SPIE observations: EUV vs. “all other” litho

by Ken Rygler, Rygler & Assoc. and Molecular Imprints

The halls were quiet at the SPIE Advanced Lithography Conference — you could roll a bowling ball down the exhibit aisles and not strike a soul. Having attended SEMI’s ITPC in November and SEMI’s ISS/SMC, I anticipated a dropoff in attendance. Nevertheless, I was surprised at its depth, considering SPIE is the premiere global technical lithography conference. Of course, as our industry has shifted so dramatically to Asia over the past two decades, the cost in time and money for Asian attendees was clearly not bearable to most Asian company management. Even dinner provided a litmus test — I walked across the street with no reservation and not only was there no wait, but it was more than half empty.

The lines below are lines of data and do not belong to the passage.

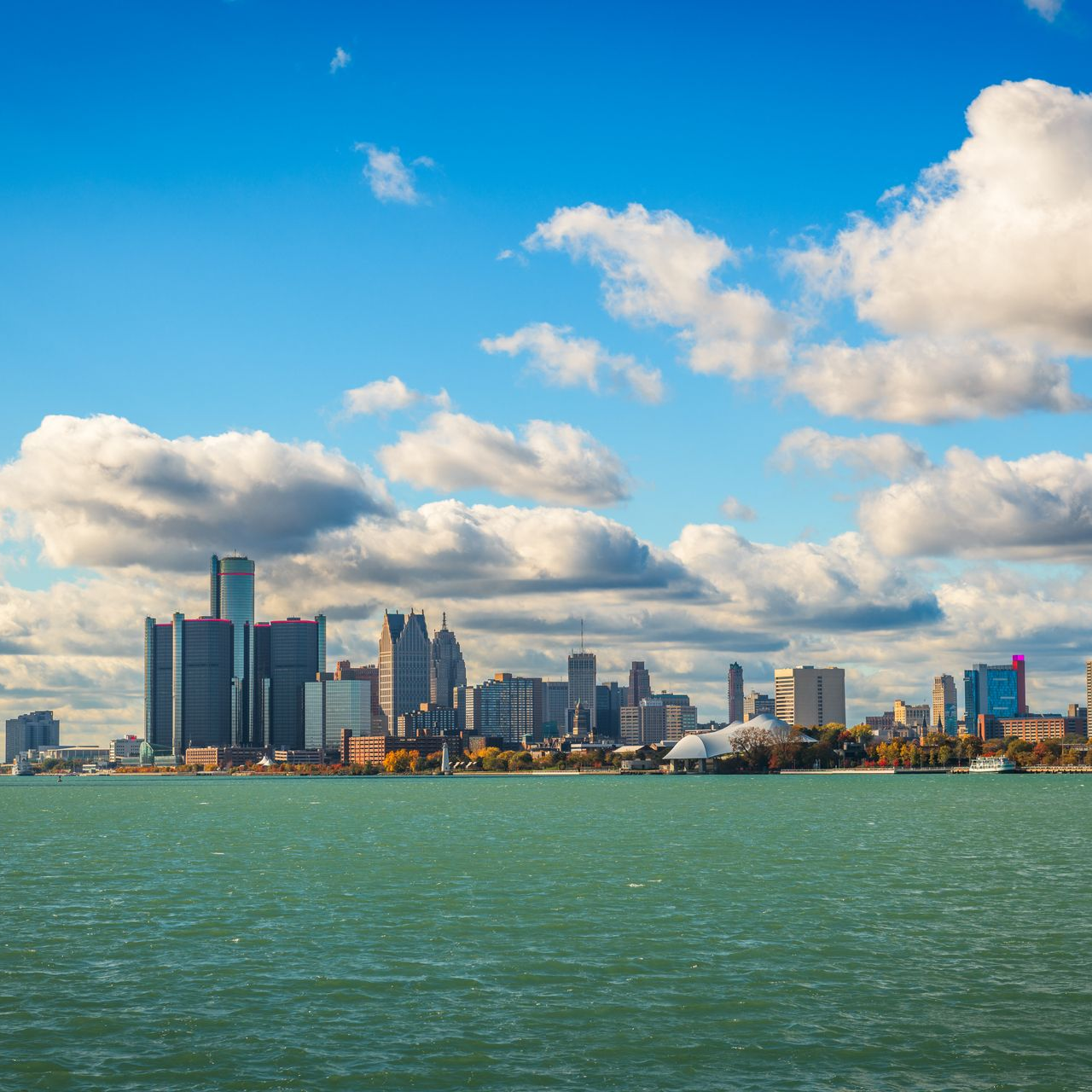 Detroit skyline, tall buildings, against a cloudy blue sky over a green lake.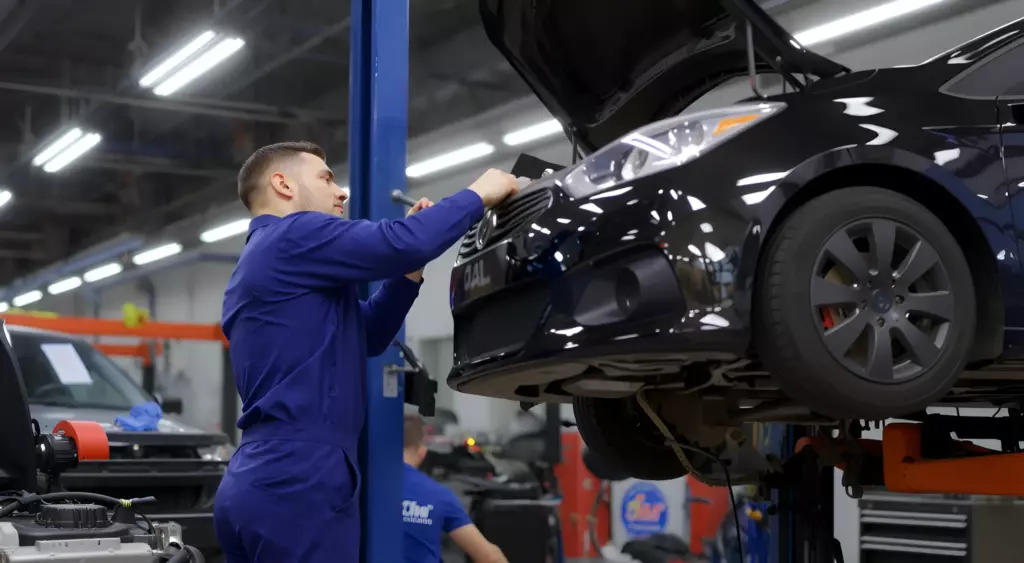 A professional automotive workshop scene, a mechanic in blue coveralls working on a car engine on a lift, surrounded by tools and engine parts, with bright, modern lighting, captured in a horizontal composition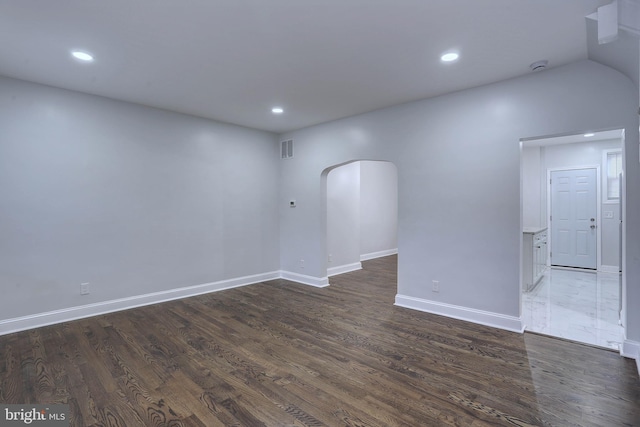 unfurnished room with dark wood-type flooring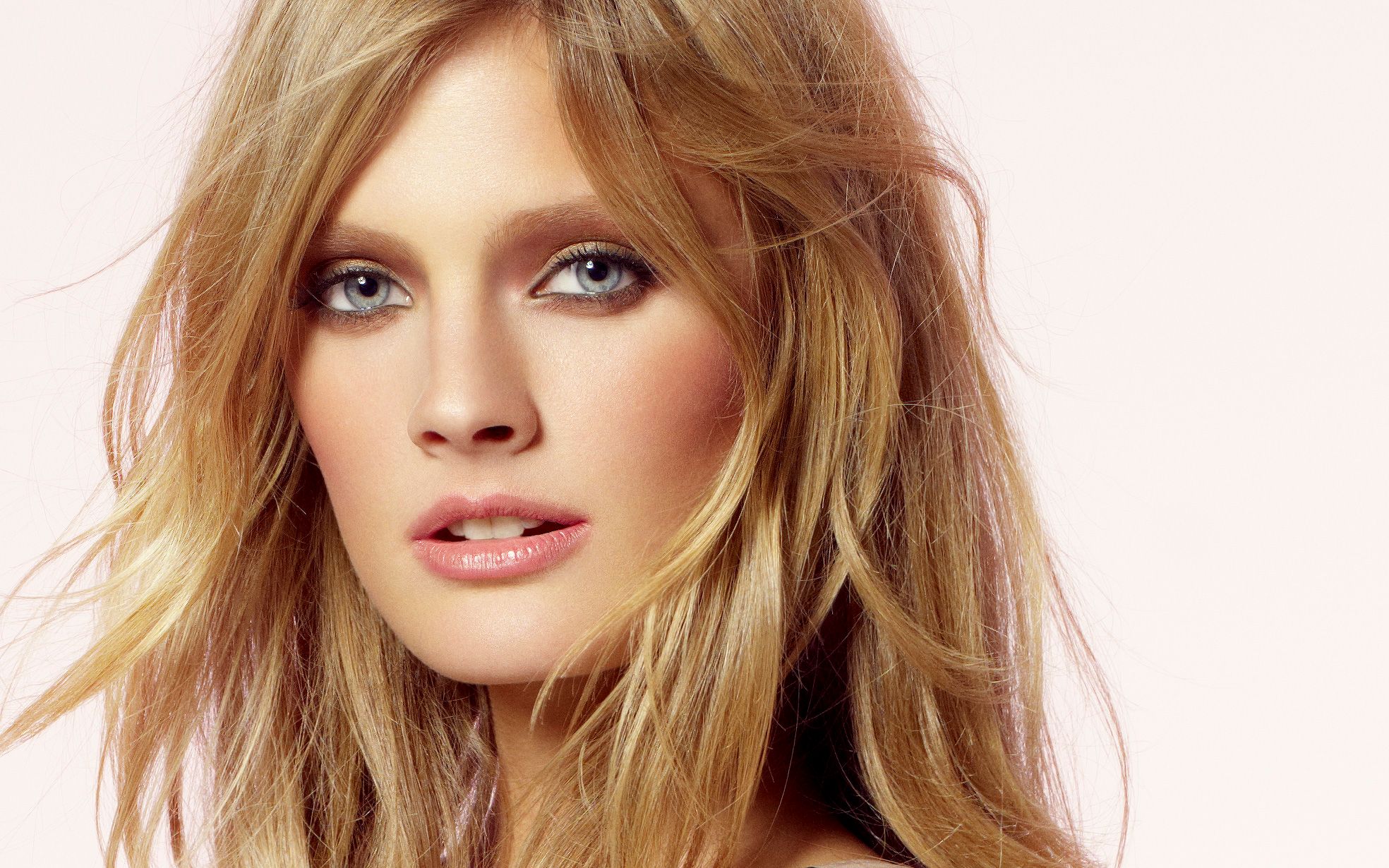 Close-up portrait of a young woman with tousled blonde hair and blue eyes against a soft white background.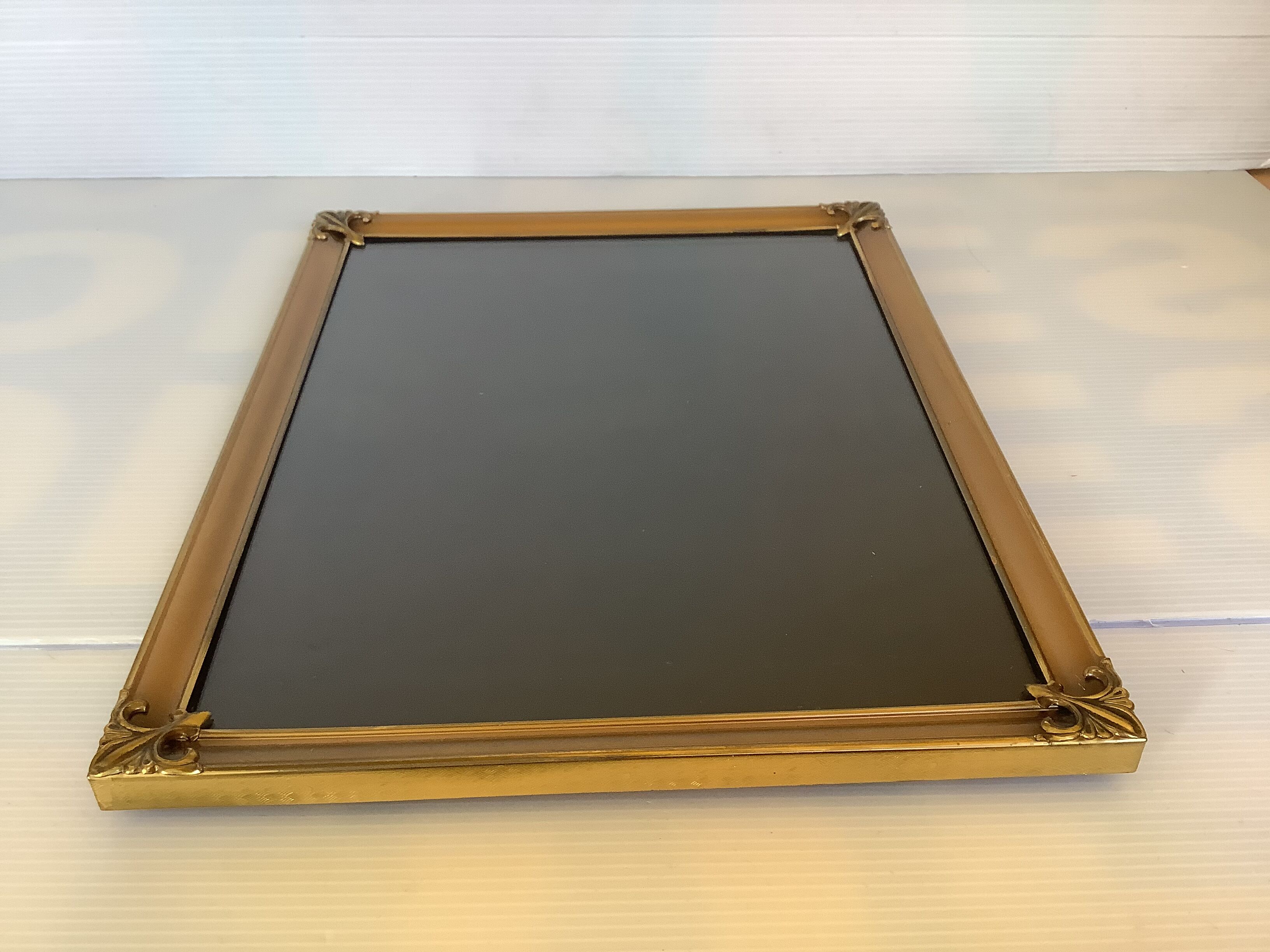 Old fleur-de-lys metal frame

There was little real hard news at SPIE, besides the attendance (or lack of it). We learned SPIE is considering splitting the Alternative Lithography Technologies Conference into two conferences: EUV and “all others”. Motivation seems twofold — EUV papers continue to increase, while SPIE is looking to “all others” as a means to draw in more applications, such as hard disk drives, flat-panels, solar, biotech, and perhaps others. These seem to be reasonable goals, but what about the cost?

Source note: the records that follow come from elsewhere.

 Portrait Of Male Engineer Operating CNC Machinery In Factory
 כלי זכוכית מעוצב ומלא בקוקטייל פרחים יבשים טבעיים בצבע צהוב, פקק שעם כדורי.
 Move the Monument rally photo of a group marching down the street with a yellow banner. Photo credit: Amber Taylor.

The industry has made a huge investment in EUV, and a number of careers have been invested in it as well. Its history has been checkered, and that is being gracious: two steps forward and one step back, with the net effect of delaying market entry for many years (some would say too many years). Renaming “SXPL” (soft x-ray projection lithography) to the more marketable “EUV” did not change the wavelength, or the fact that it is X-ray lithography which has always been fraught with a daunting list of challenges, any one of which can keep a number of engineers, scientists, academics, and students busy for years. An endless flow of papers is assured; commercial success clearly is not.

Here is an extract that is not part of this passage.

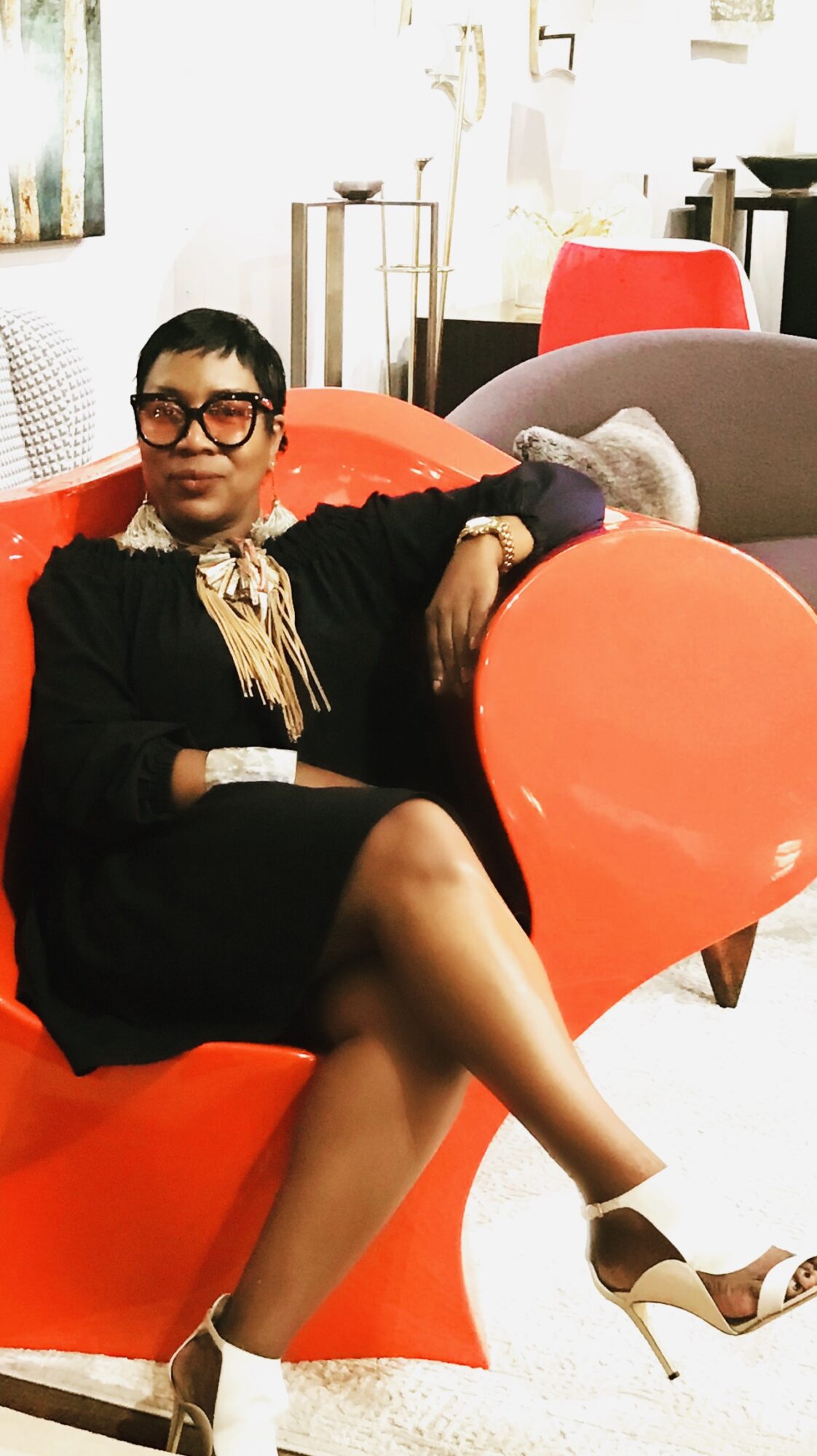 Woman sitting on a red sofa, wearing glasses, a black dress, and high heels, in a bright room.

“All other” lithography technologies already have, and will continue to, draw new applications into SPIE’s predominantly semiconductor lithography conference. For example, the hard disk industry has always been involved, given their optical patterning of thin-film read/write heads. Hard disks are now moving to patterned media, and will deploy imprint technology to pattern over one billion disks, beginning soon. This is more than the global consumption of 8-inch equivalent silicon wafers. Attendance by members of the hard disk industry has increased as a consequence, as has their submission of papers.

SPIE’s challenge is balancing the needs of their largest audience: semiconductor lithographers, especially managers and directors, facing serious lithography alternatives. Recently, imprint has emerged as a serious challenger to EUV, particularly in the high-volume, fast-growing non-volatile memory market, currently dominated by NAND flash. While two alpha EUV tools have been sold to IMPLSE and IMEC, two step-and-flash imprint lithography (S-FIL) beta tools have been sold to Toshiba and SEMATECH. Recent cost-of-ownership data has given imprint a significant edge vs. both EUV and optical double patterning. In addition, e-beam direct write (aka ML2, aka maskless) is enjoying somewhat of a renaissance, thanks to at least one foundry promoting its use in small wafer runs, one of their staples. If SPIE does indeed split the current Alternative Lithography Technology Conference into two conferences, SPIE must manage it in a way that lithography managers will not be faced with impossible choices when scheduling their time.


Ken Rygler is president of Rygler & Associates Inc. and chief marketing officer of Molecular Imprints Inc.